I've got good news for you. Indeed, you will be able to mix tiling and UV-mapped textures. And not only use one or the other, but actually blend them. In fact, this is how CineMut works by default. The tiling texture is called the “detail texture”, because the standard use of it is simply to add sub-texel detail; but nothing prevents you from giving your mesh a flat color and using the detail texture as your main texture.
And let me tell you, this is what you want: because even if you use the detail texture as your main texture for a part of a ship or station, you still want an overlapping UV-mapped texture to add global gradients of light and shadow, things like AO and lighting; as well as to paint over a tile somewhere so that it looks like it fell off.. Otherwise the tiles would look too uniform.
Moreover, there are two texture channels in the main texture that, by changing the color, you control the way the detail texture is applied. You can use one of those channels to specify if you want to use the detail texture as a color modulator, or as a shininess (gloss) modulator, or as a bump-map. And you can use the other channel to control its frequency and intensity.
By frequency I mean that you can make the tiles bigger or smaller, by powers of two; or even some blend in-between two powers of two.
There will be a default detail texture packed with CineMut, which has 4 channels (RGBA), one of which (red) has noise; another (green) has “clouds”, and the last two (blue and alpha) have dU/dV normals to add to the normalmap, to look like a bumpy, ripply surface. Remember the gas tank on the motorcycle?
But you *can*, through the techniques file, specify a detail texture of your own.

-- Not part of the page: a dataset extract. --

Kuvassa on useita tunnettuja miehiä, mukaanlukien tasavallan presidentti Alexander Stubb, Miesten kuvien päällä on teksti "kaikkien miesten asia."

However, you'll have to use the channels the same way (red channel for brightness modulation, green channel for shininess modulation, and blue and alpha for normalmapping). Which is okay; you probably don't need multiple colors for the tiles, would you? You can use a beige color for the main texture, for example; put like a thatch pattern in the normalmap channels of the detail texture, inside a square border, say; and a bit of noise in the green channel to represent wear of the surface, and you'd have awesome looking tiles without using any color patterns.